It is surprising to realize I have written 77 Monthly Memos and am just now getting around to writing about what to do when you are nervous. (I’ve touched on it before, but this is the first straight take on the topic!) I was prompted by reading “Jacked Up” — a book by former Jack Welch speech writer Bill Lane. In it, Lane makes the point simply in a sentence which ends one of the book’s chapters; “Appearing nervous is fine. It conveys to the audience that you care about how well you perform in front of them; that they matter.” Well put.
Too often we give ourselves or others a bad mark for being nervous in front of an audience, but I have a very different reaction. When working with a team, for example, and one of the speakers is nervous, that person is often far from my biggest worry. Instead, I am much more concerned about someone who seems to be “mailing it in” or has trouble communicating any passion for the project. The audience doesn’t know what to make of the bored or disconnected person. They question the message the person is delivering, or, more likely, forget it altogether!
The nervous speaker, as Lane suggests, is at the very least engaged in the process. They care. What’s more, the audience readily identifies with the nervousness because they’ve been there!
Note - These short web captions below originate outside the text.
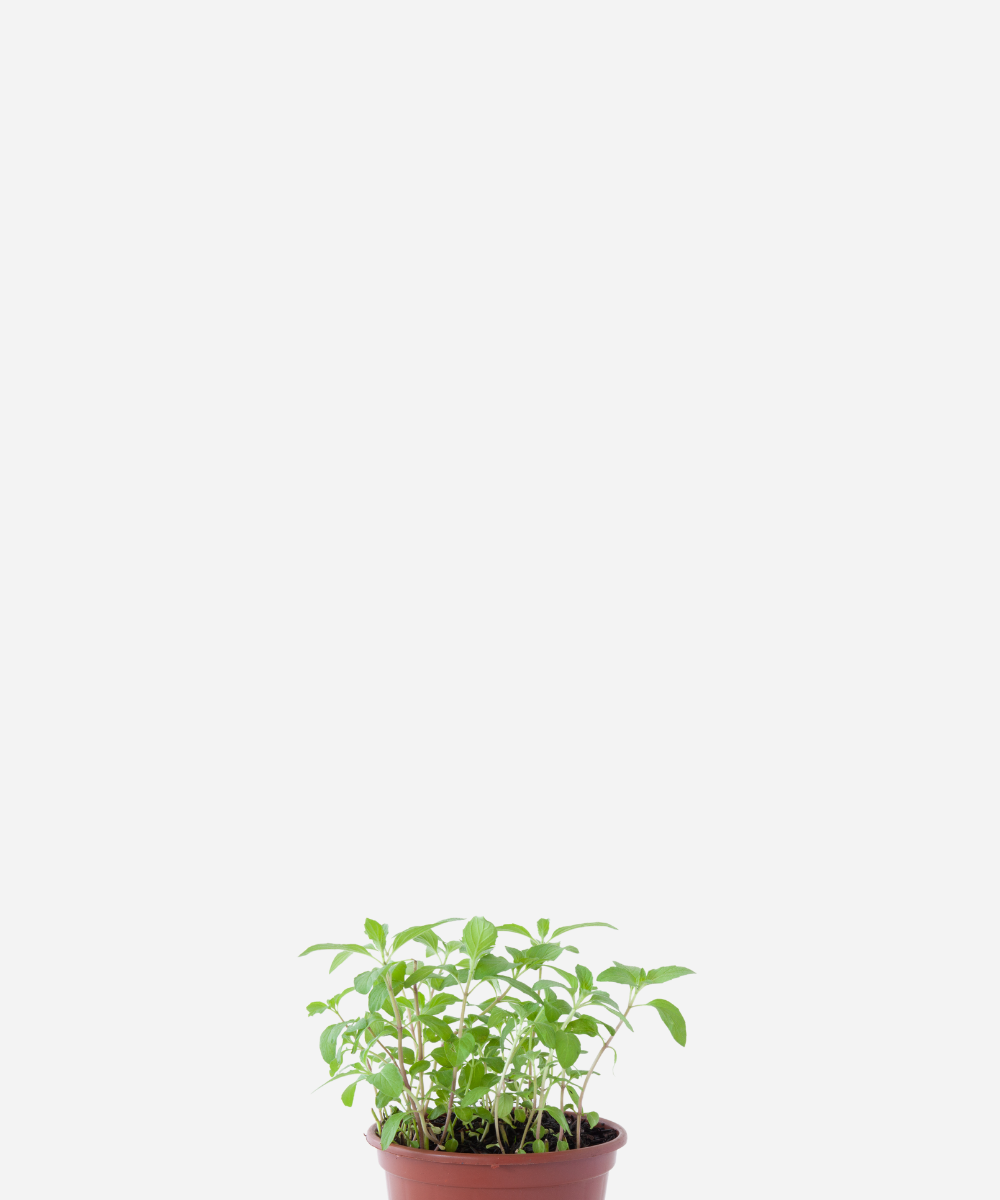 MENTA-CORTE.png Menta (<em>Mentha</em> sp.) - Imagem 1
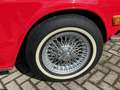 Triumph TR6 Soft Top + Hard top Rojo - thumbnail 28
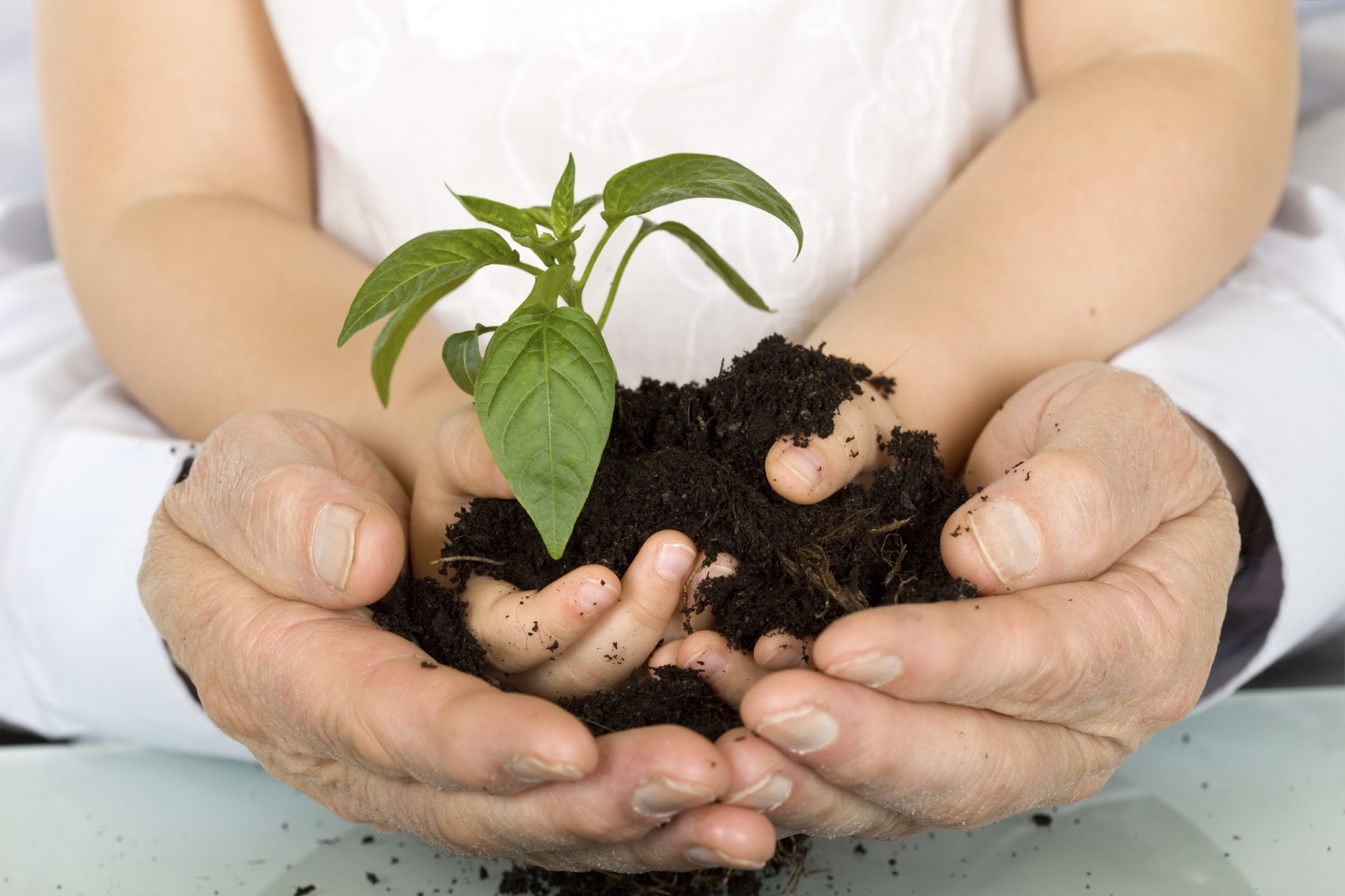 Child and adult hands holding new plant with soil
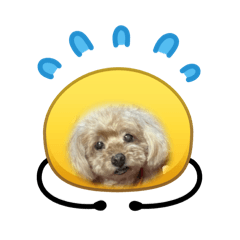 ciel_20260510085710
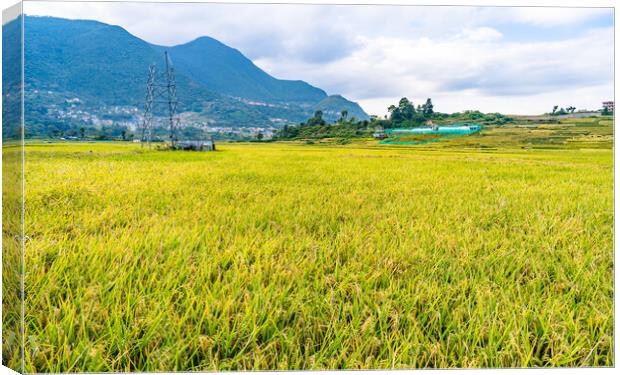 paddy corp farmland Canvas Print by Ambir Tolang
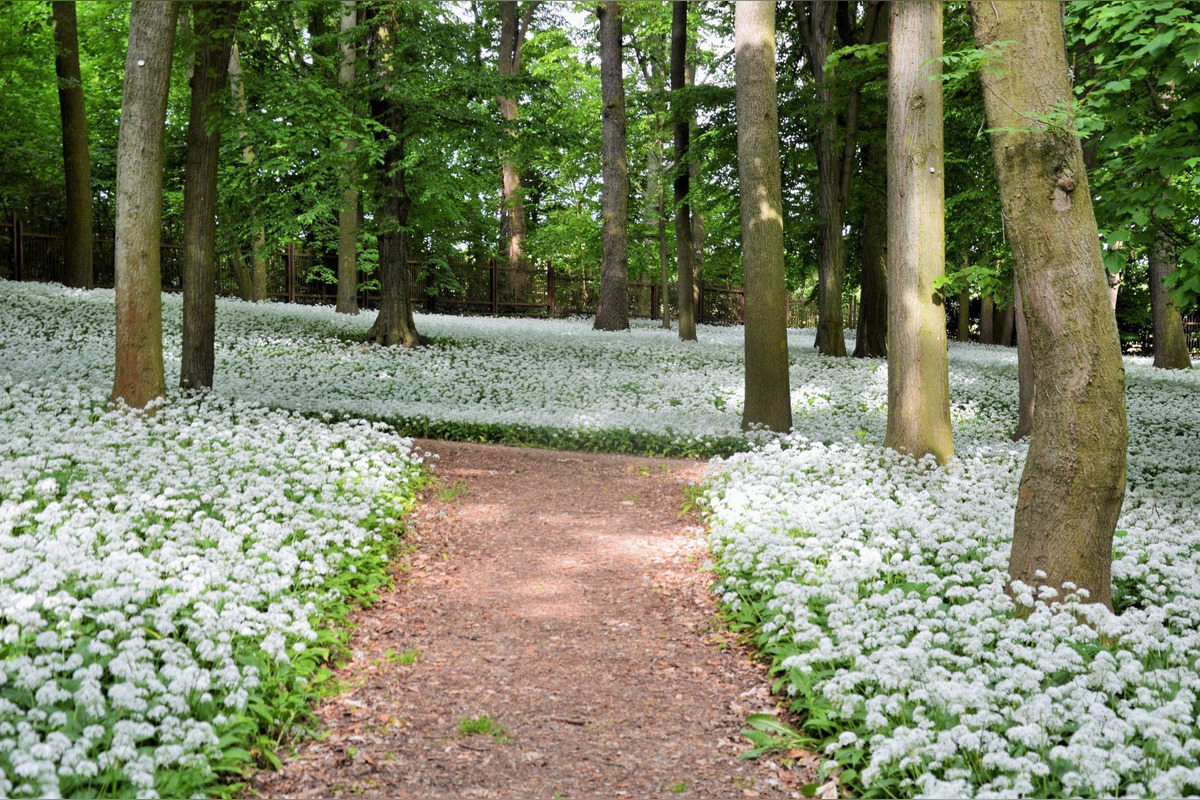 FOTO: Park v Dolnej Krupej pripomína vďaka bielym kvetom zasneženú krajinu, foto 6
Here are a few suggestions on dealing with nervousness and making it an advantage.
Preparation: First, if you are nervous because you didn’t prepare you’ll not get much sympathy from me. Referring back to Lane’s book, he recounts many occasions when Jack Welch would rip apart presenters within GE who would dare come before him unprepared. (If you don’t have much time to prepare, see the Monthly Memo from last month!) For those of us who are naturally nervous speakers, prep time is often your best friend. As you practice you will start to feel more at ease and when you’re finally up there delivering the thing you’ll at least be able to remember where you are — a big key to staying calm.
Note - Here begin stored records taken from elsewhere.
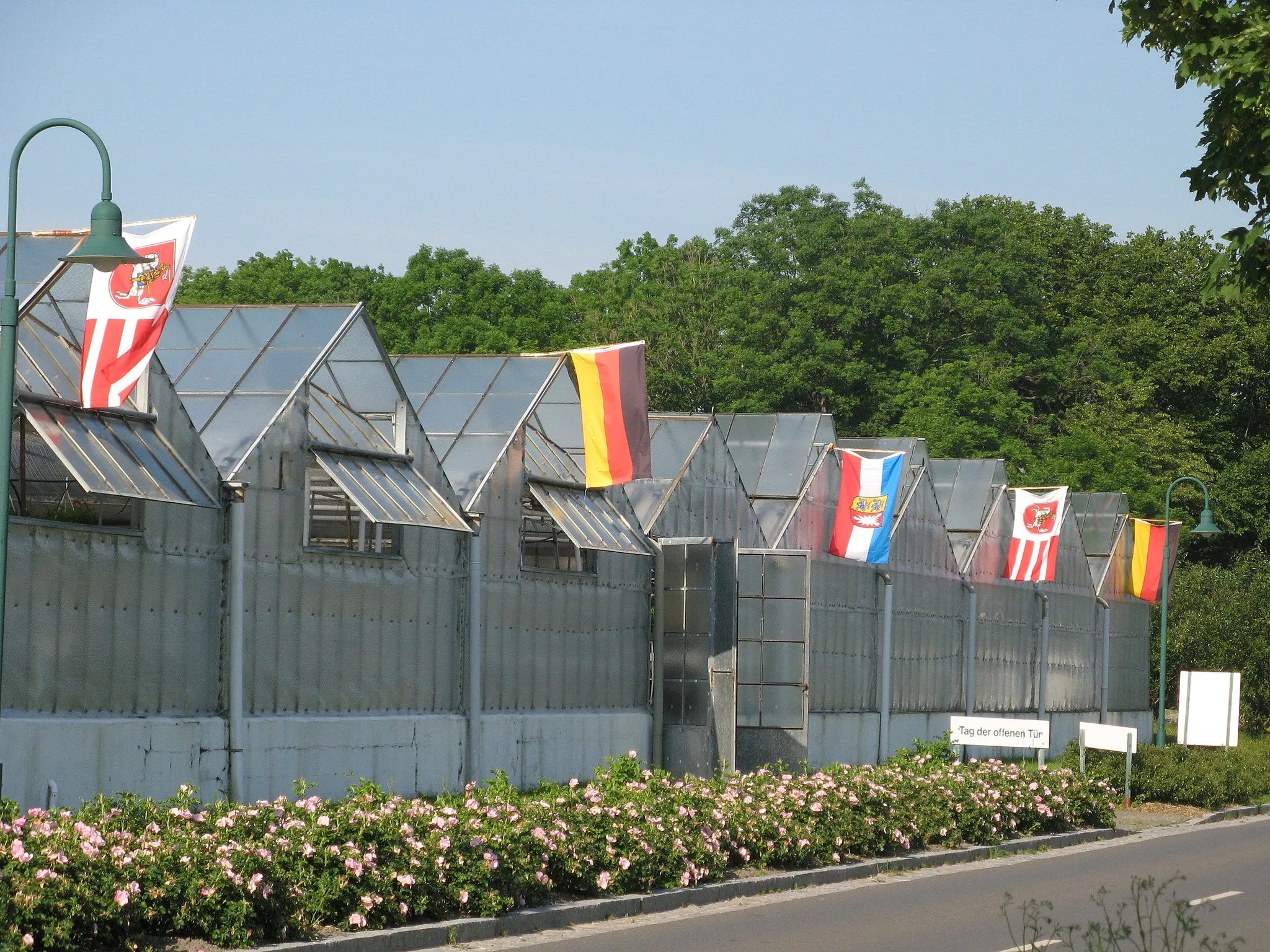 Photo showing: Greenhouse in Schülp, Dithmarschen.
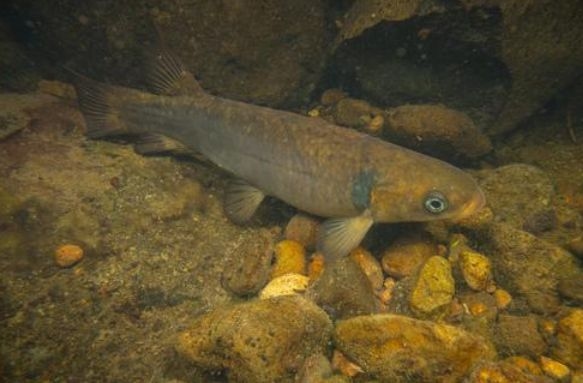 Rare Native Fish Found In Karori's Waipāhihi Stream Through EDNA Testing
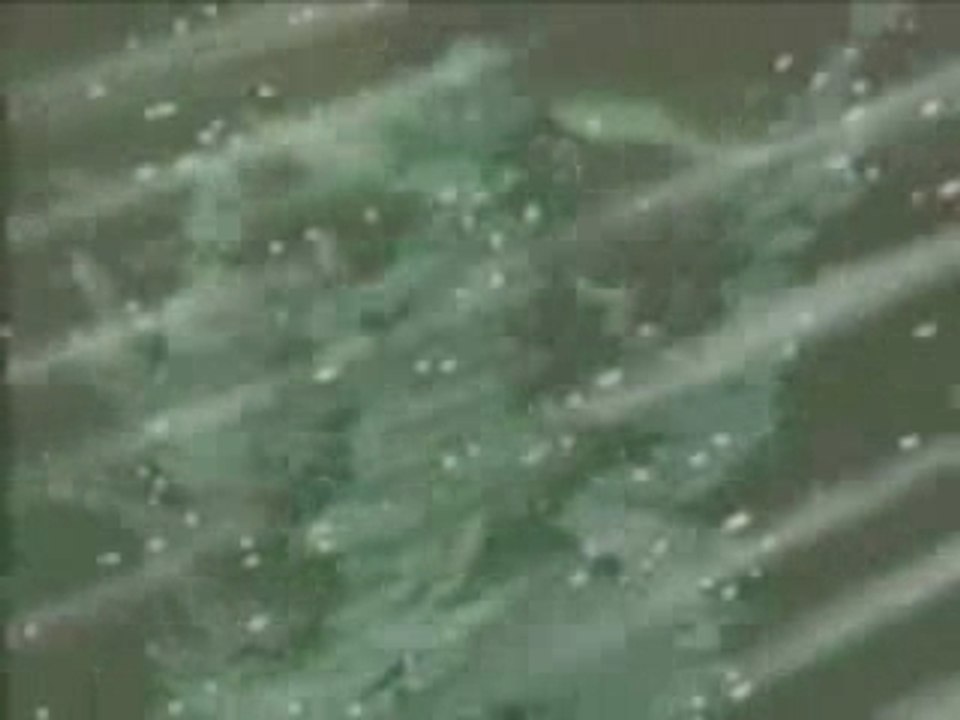 [AMV] Saint Seiya - Lacuna Coil - Entwin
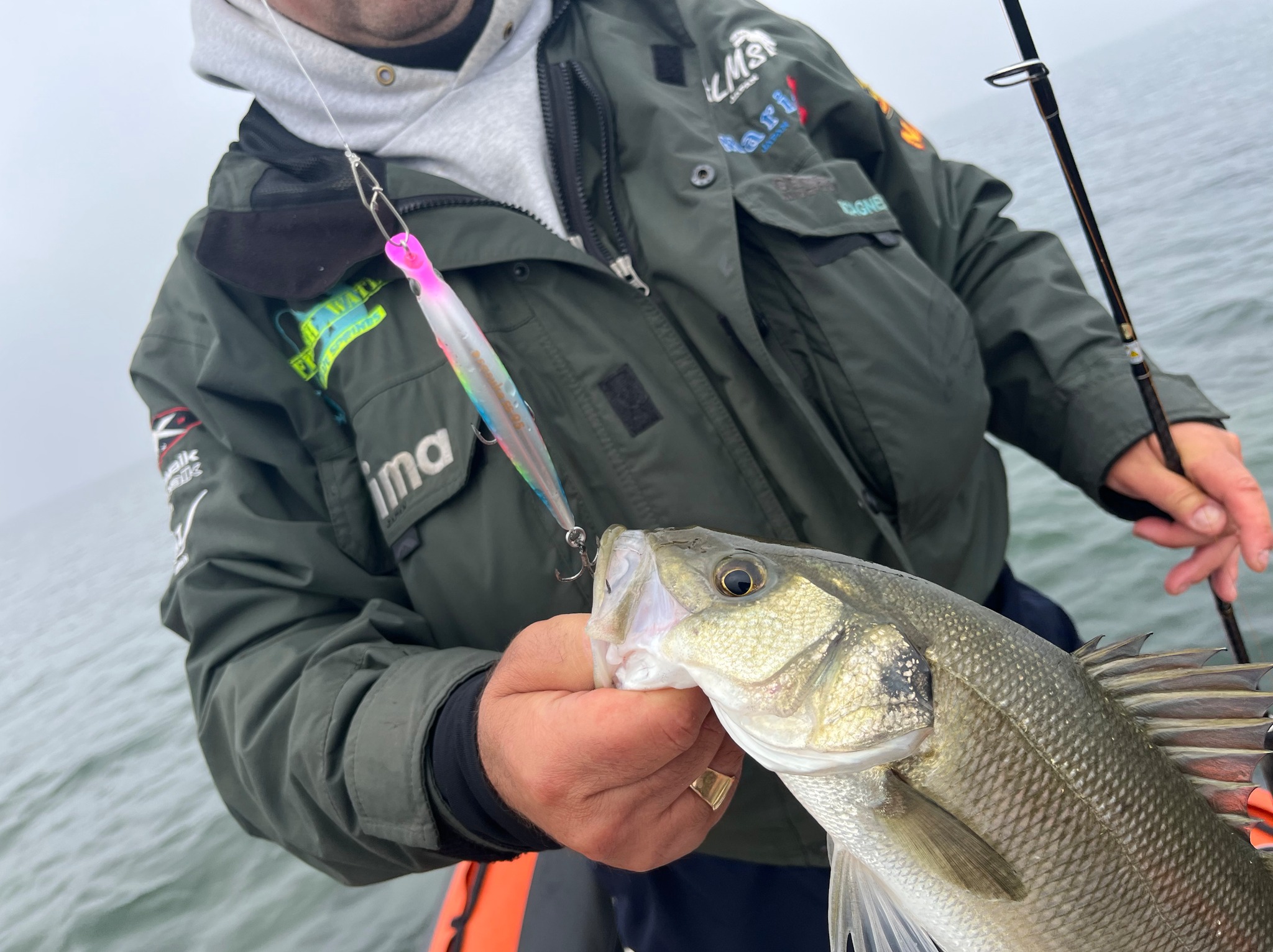 Image sent to us by Blue Springs. Visit Mister Fish in Iklin, Gzira and Fgura for all the fishing tackle you need.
Follow a roadmap: As part of your preparation process come up with a way to create notes that will provide a roadmap to your speech. Outlines with the major points are usually best, but work up your own system. Create the document in a way you can quickly look down and find your place and have several copies for the big day. Also, after a speech, figure out what worked and what tripped you up and then slowly perfect the process as you prep for the next one.
Admit it: Nearly every person in your audience has nervously delivered a speech or presentation — they get it — so often there is no harm in saying, “You know, I’m pretty nervous up here, but I really believe in this project/idea/product/whatever and I hope you’ll bear with me.” Most every time you’ll score points for being straight with them, and it will calm you down as well! You’ve addressed the elephant in the room and can therefore move on to make your point — which is why we’re all there in the first place!